WHAT IS EXPECTED: The copy you return should hold every record below word for word and no images.

Excerpts from a dataset:
■ ■ ■ ■

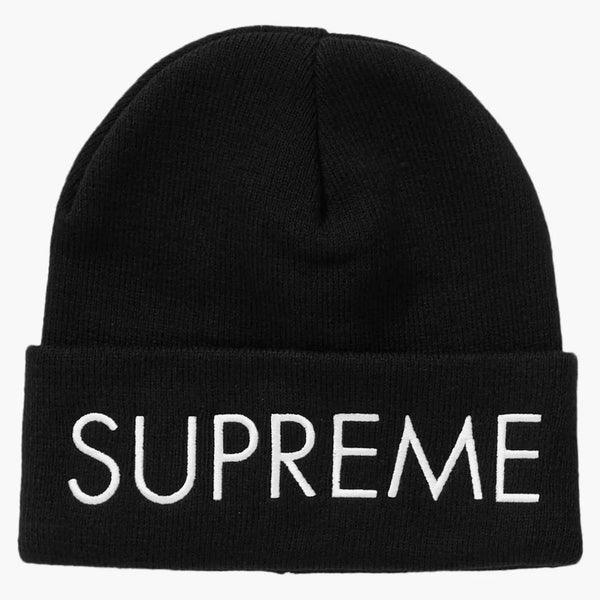 Supreme Capital Beanie Black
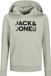 JACK&JONES JJEMBRO PALM SWEAT HOOD JNR Jungen Pullover Größe 128 Desert Sage Baumwolle/Polyester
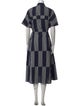 Lovebirds Striped Midi Length Dress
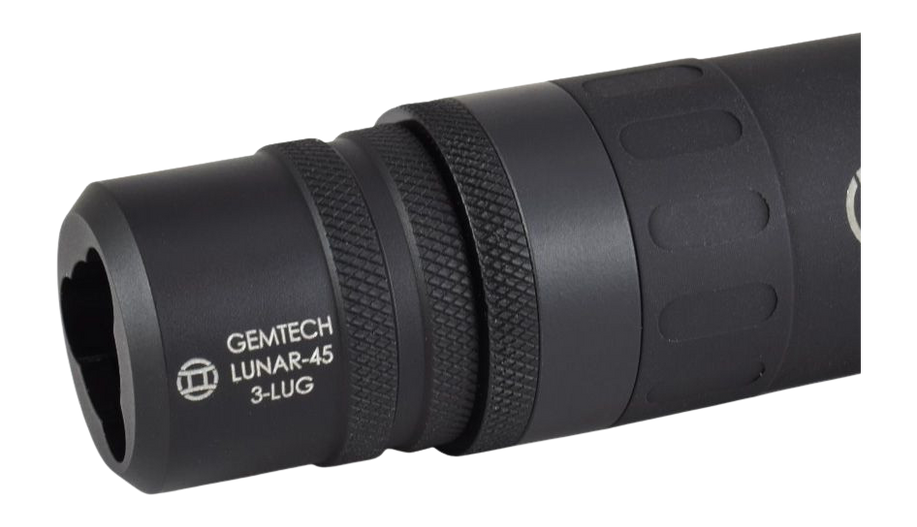 Gemtech 3-Lug QD Mount for LUNAR-45 / GM-45 - MP5-Style - .45 Cal — view 2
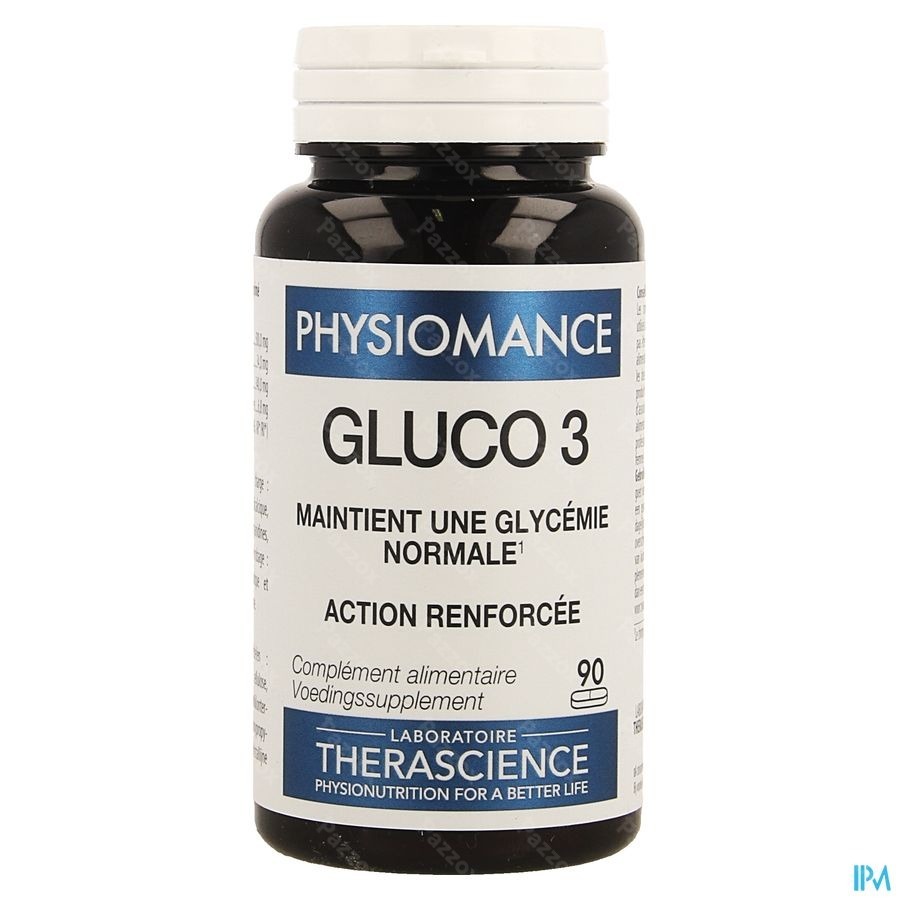 Gluco 3 Comp 90 Physiomance Phy318b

■ ■ ■ ■

ANSWER:
 Supreme Capital Beanie Black
 JACK&JONES JJEMBRO PALM SWEAT HOOD JNR Jungen Pullover Größe 128 Desert Sage Baumwolle/Polyester
 Lovebirds Striped Midi Length Dress
 Gemtech 3-Lug QD Mount for LUNAR-45 / GM-45 - MP5-Style - .45 Cal — view 2
 Gluco 3 Comp 90 Physiomance Phy318b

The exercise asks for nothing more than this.